Título: Procuradoria vai à Justiça para FNDE apurar indícios de irregularidades
Autor: Maltchik, Roberto; Fabrini, Fábio
Fonte: O Globo, 04/10/2011, O País, p. 4

Auditoria mostrou que, em 2008, verba da merenda foi desviada em Paulistânia

BRASÍLIA. O Ministério Público Federal em São Paulo foi obrigado a pedir socorro à Justiça para forçar o Fundo Nacional de Desenvolvimento da Educação (FNDE) a cumprir o seu papel: apurar graves indícios de desvio de dinheiro da merenda escolar. Uma auditoria do órgão em Paulistânia (SP), pequena cidade próxima a Bauru (SP), só ocorreu após liminar concedida em março deste ano pela juíza Maria Catarina Martins Fazzio, da 3ª Vara Federal. Ela interveio depois de dez meses de requerimentos frustrados em que o MPF pedia investigação do caso e informações sobre a prestação de contas da prefeitura.

As irregularidades apontadas pelo MPF foram confirmadas pelo FNDE, após atender a determinação judicial de verificá-las in loco. Os problemas ocorreram em 2008. Mesmo assim, as contas do município naquele ano constam como aprovadas no site do órgão.

Farinha de mandioca para a merenda 484% mais cara

Ontem, o GLOBO revelou que a autarquia, ligada ao Ministério da Educação (MEC), avaliza contas de prefeituras rejeitadas pelo próprio governo, em auditorias da Controladoria Geral da União (CGU). Somente no estado do Rio, a CGU apontou impropriedades em 35 municípios, entre 2003 e 2009, dos quais 34 tiveram as contas aprovadas ou até hoje aguardam análise.

Segundo o procurador Pedro Antônio de Oliveira Machado, autor da ação de improbidade contra o prefeito de Paulistânia, Hélio Ferreira do Nascimento, além de outras cinco pessoas, a farinha de mandioca para a merenda chegou a custar 484% mais cara que o preço de mercado.
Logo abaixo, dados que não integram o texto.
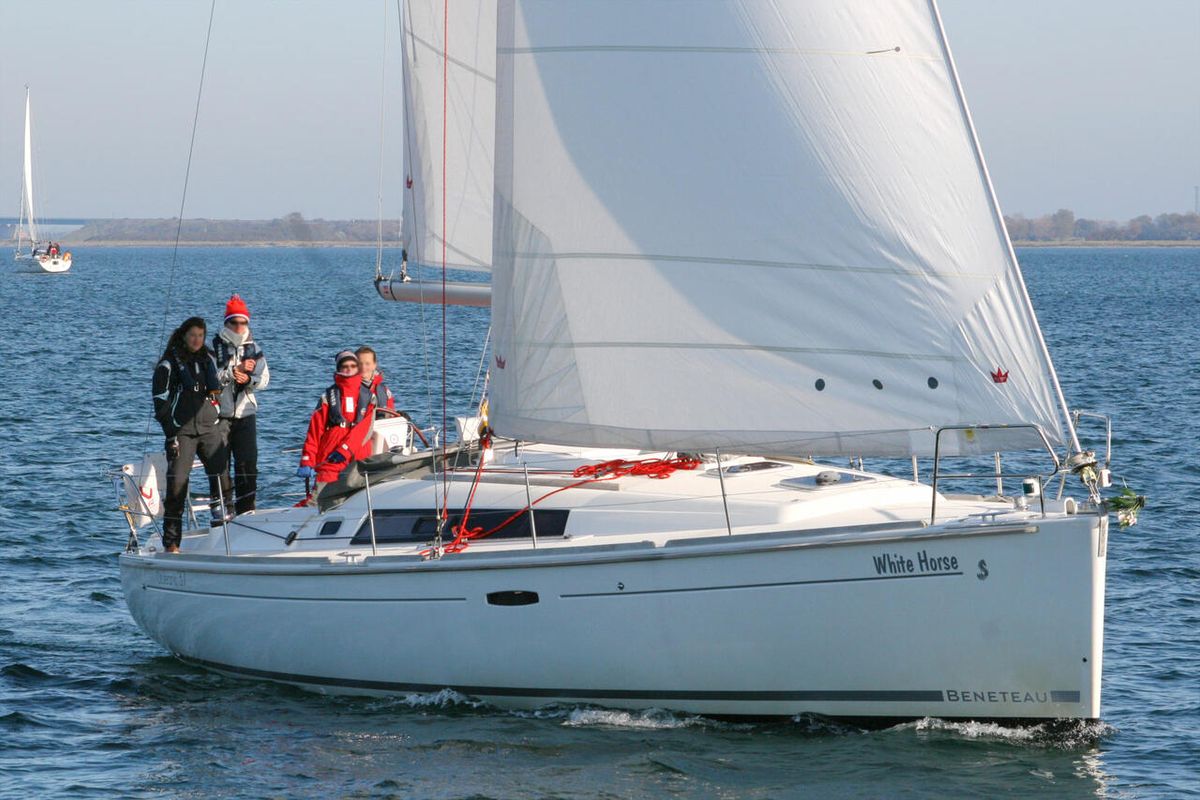 Exterior view of White Horse, a Beneteau Oceanis 37 sailboat at Flensburg, Germany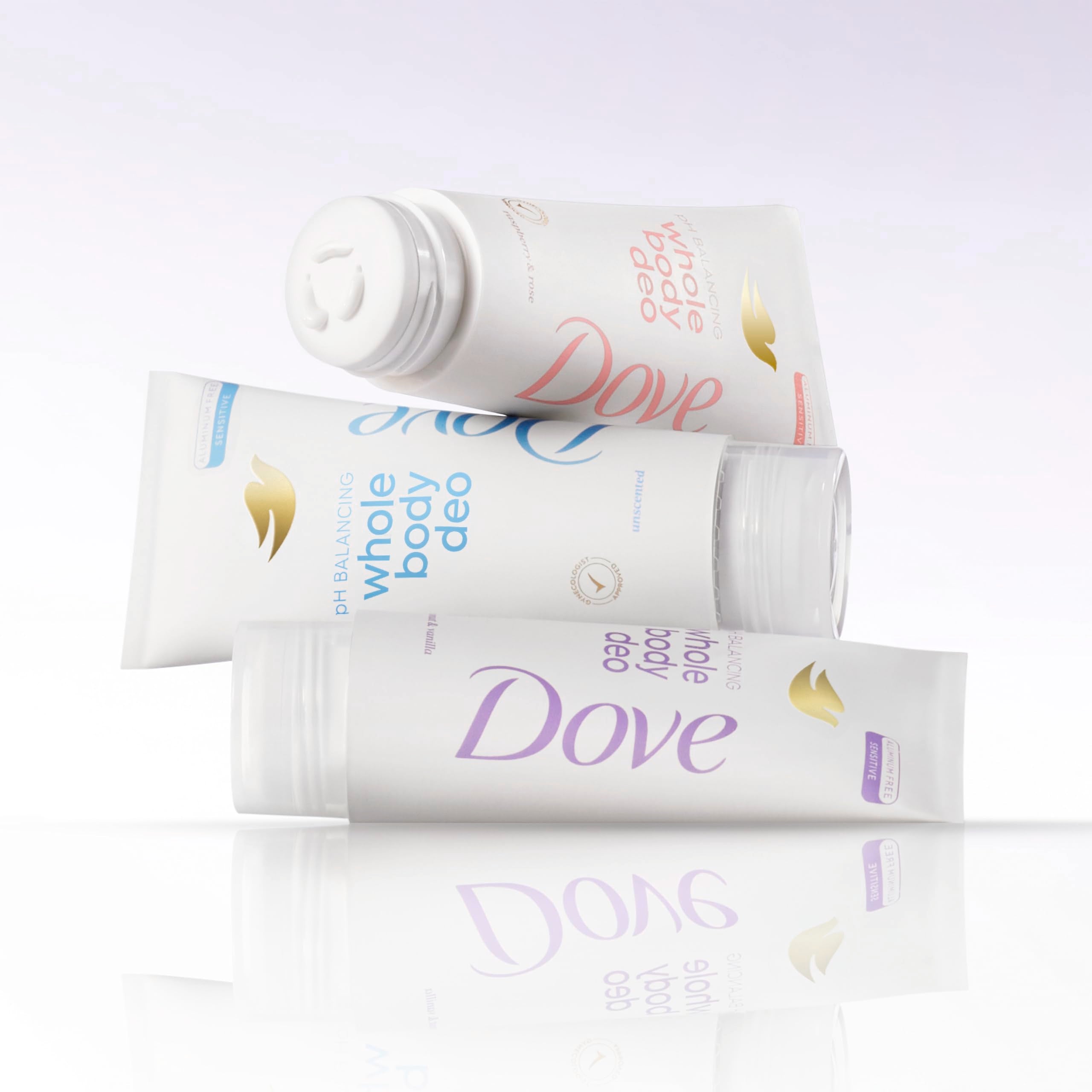 Dove dermatologist and gynecologist-approved label reinforces sensitive-skin suitability.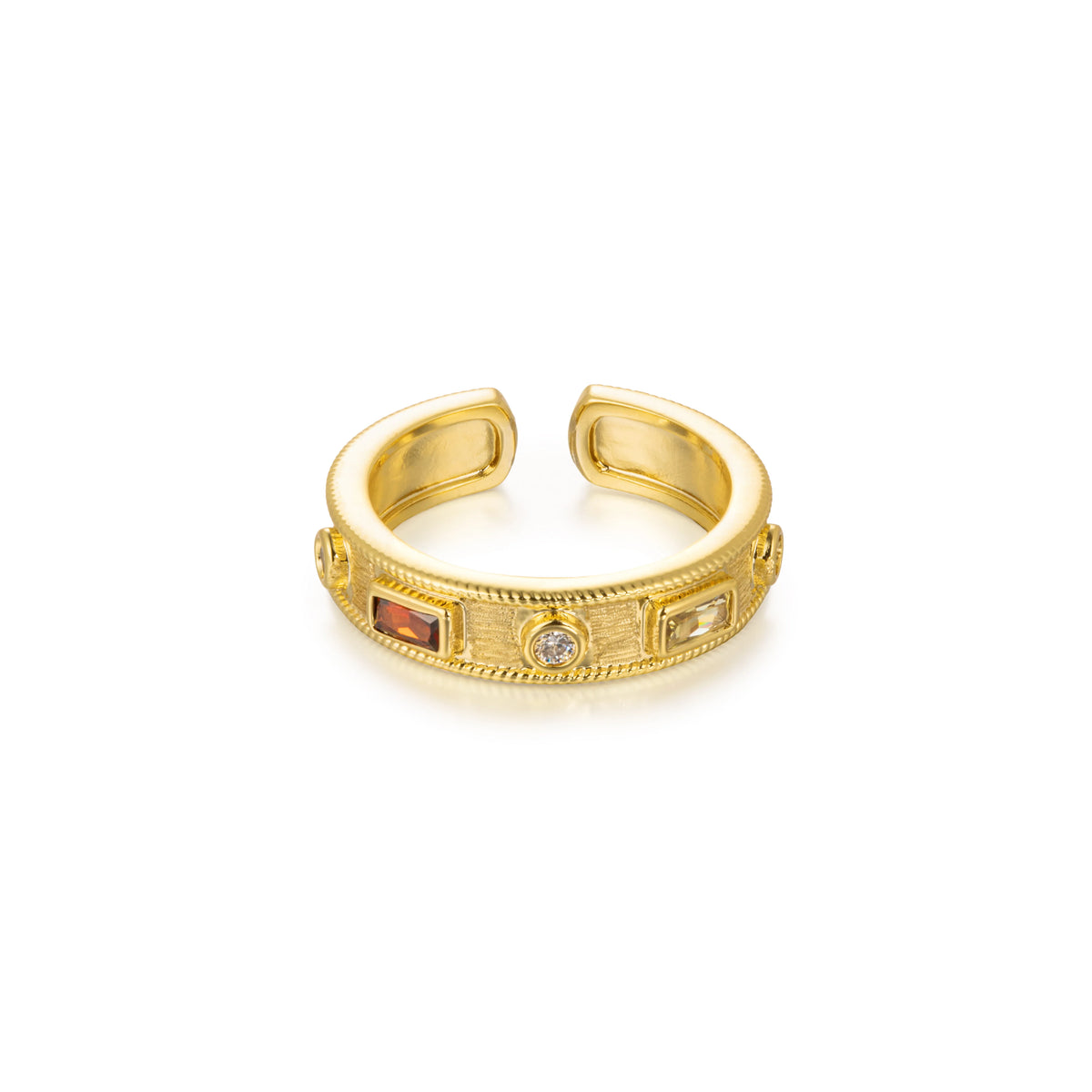 18K Gold-Plated Brass Multicolor CZ Open Rings | 15 Styles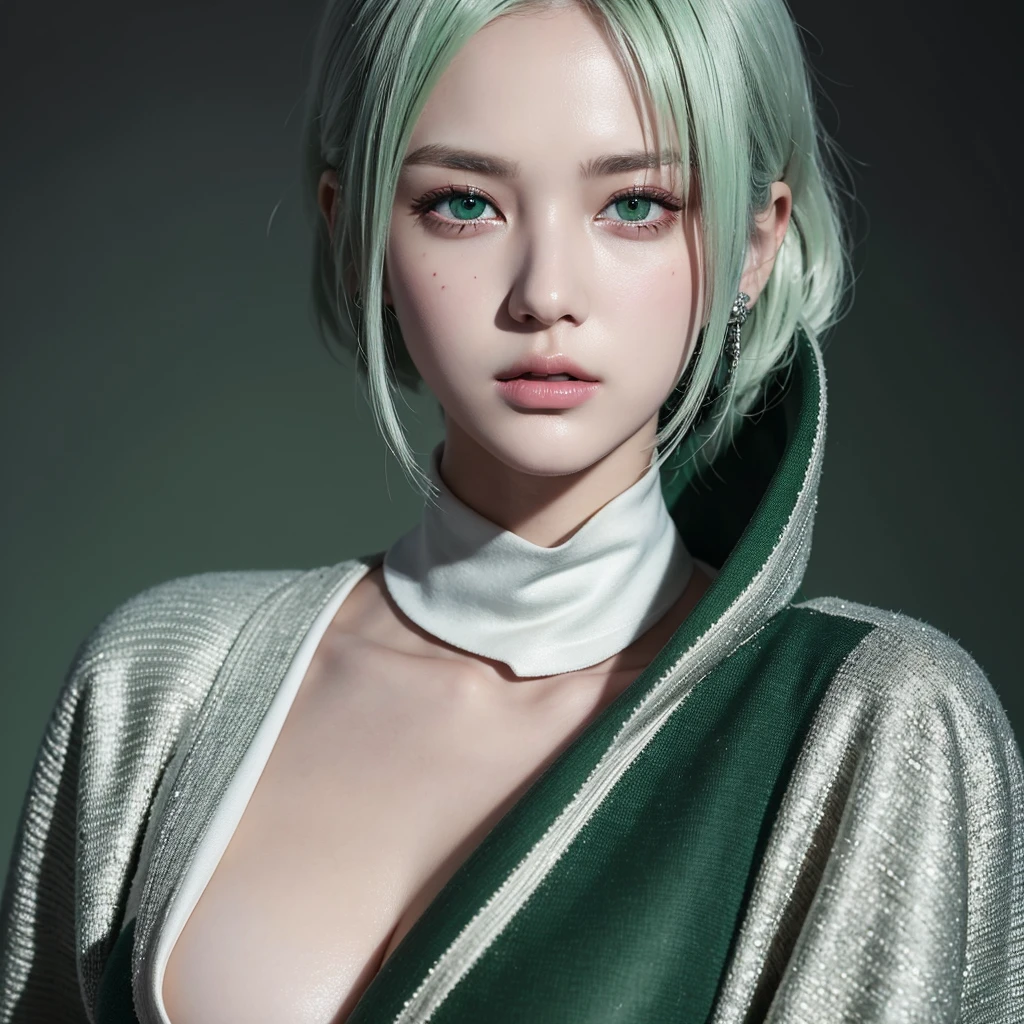 a beautiful girl with reptilian eyes and short silver-green hair, with a dark green turtle neck and a white robe, intricate detailed face, extremely detailed eyes, gorgeous detailed portrait, cinematic lighting, dramatic colors, vibrant, digital art, high quality, masterpiece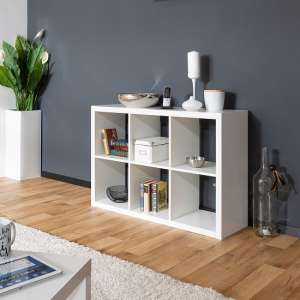 Darby Shelving Unit In White High Gloss With 6 Compartments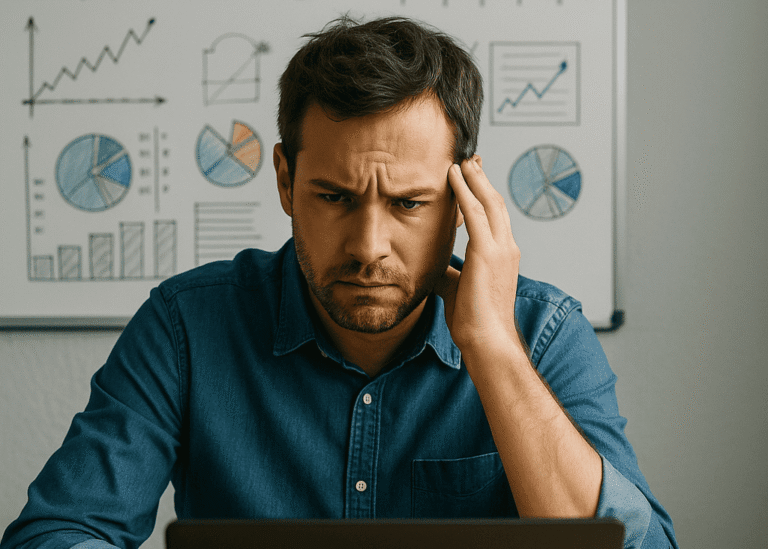 AI in warehousing myths — frustrated warehouse manager looking confused at computer graphs and whiteboard metrics, seeking solutions from AI.
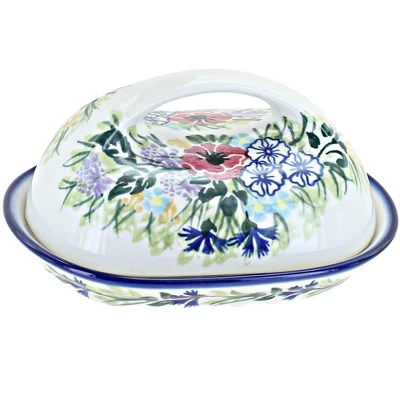 Blue Rose Polish Pottery 15A WR Unikat Butter Dish 11 Blue Rose Polish Pottery 15A WR Unikat Butter Dish - Image 9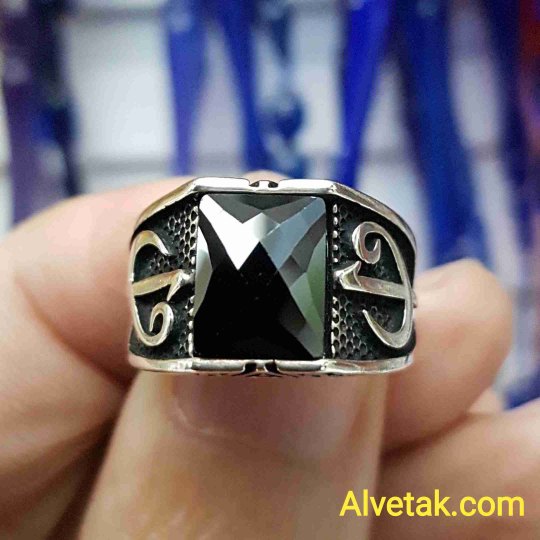 siyah zirkon taşlı 925 ayar gümüş erkek yüzük : 01671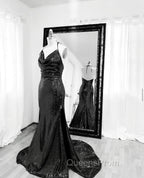 Mermaid Sequins Bridesmaid Dress Cowl Neck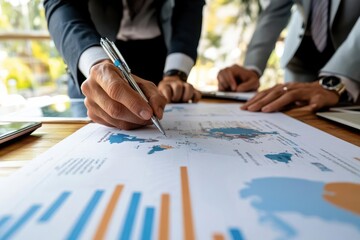 Business leaders analyzing global risk assessments and opportunities, drafting a careful expansion strategy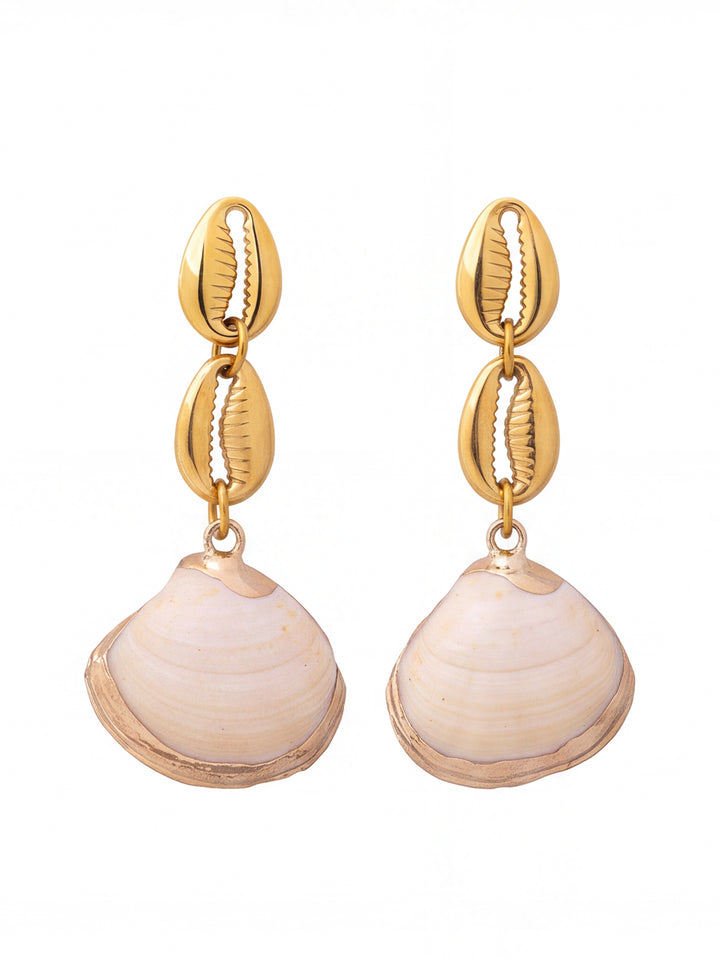 Par Arete Doble Caracol Con Concha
No caso do extrato de tomate, o superfaturamento alcançou 242%. Antes da decisão judicial, ao menos quatro ofícios chegaram ao FNDE, sem que houvesse providências.

"Ante tal quadro é de se lamentar que seja necessária a propositura de uma ação civil pública, com a consequente movimentação de todo o poder Judiciário, para exigir que uma autarquia federal, mais especificamente seus dirigentes, cumpram com o seu dever de fiscalizar, de forma adequada, e a tempo e modo, a aplicação de verba pública federal, cujo repasse é de sua responsabilidade. Natural seria a atuação conjunta do FNDE e do Ministério Público Federal no eficiente e indeclinável combate à improbidade administrativa, contudo, infelizmente não foi o que ocorreu", escreveu o procurador na ação.

Conselhos funcionam sem estrutura

Na liminar, a juíza salienta que os pedidos de auditoria foram feitos por dois anos, sem resposta positiva. O mesmo desvio de recursos da merenda, de acordo com o MPF, teria ocorrido em 2002, sem que o FNDE adotasse providências para saná-lo.

O órgão informou nos autos que uma vistoria estava agendada para ocorrer na cidade em maio de 2011. Porém, como descumprira promessas anteriores, ela considerou a ordem judicial pertinente.

"De fato, como salientado pelo MPF, não há garantia de que a auditoria agendada para maio deste ano realmente aconteça, considerando-se que o MPF tem noticiado possíveis irregularidades e requisitando apuração desde, ao menos, o ano de 2009, bem como que tal auditoria já havia sido programada para 2010 e teve que ser adiada", afirma a juíza em sua decisão.

Ao GLOBO, o procurador Pedro Machado disse que o FNDE apenas ratifica pareceres dos conselhos de alimentação escolar (CAEs), responsáveis pelo controle social das verbas da educação, em vez de analisá-los de fato. As auditorias da CGU demonstram reiteradamente que tais grupos são cooptados pelos prefeitos e, não raro, sequer funcionam adequadamente.

- Lá, em Paulistânia, é exatamente isso que ocorre. Averiguamos que o conselho sequer tem sede e equipamentos mínimos para atuar. Como que um relatório de um conselho totalmente sem estrutura pode validar as contas de um município? - questiona o procurador.

FNDE não responde quantos trabalham na fiscalização

Procurado, o FNDE não se pronunciou sobre o caso ontem. A assessoria de imprensa não respondeu aos telefonemas e ao e-mail enviado pelo GLOBO. Desde sexta-feira, a reportagem questiona o órgão, sem sucesso, sobre quantas pessoas atuam no trabalho de fiscalização de irregularidades.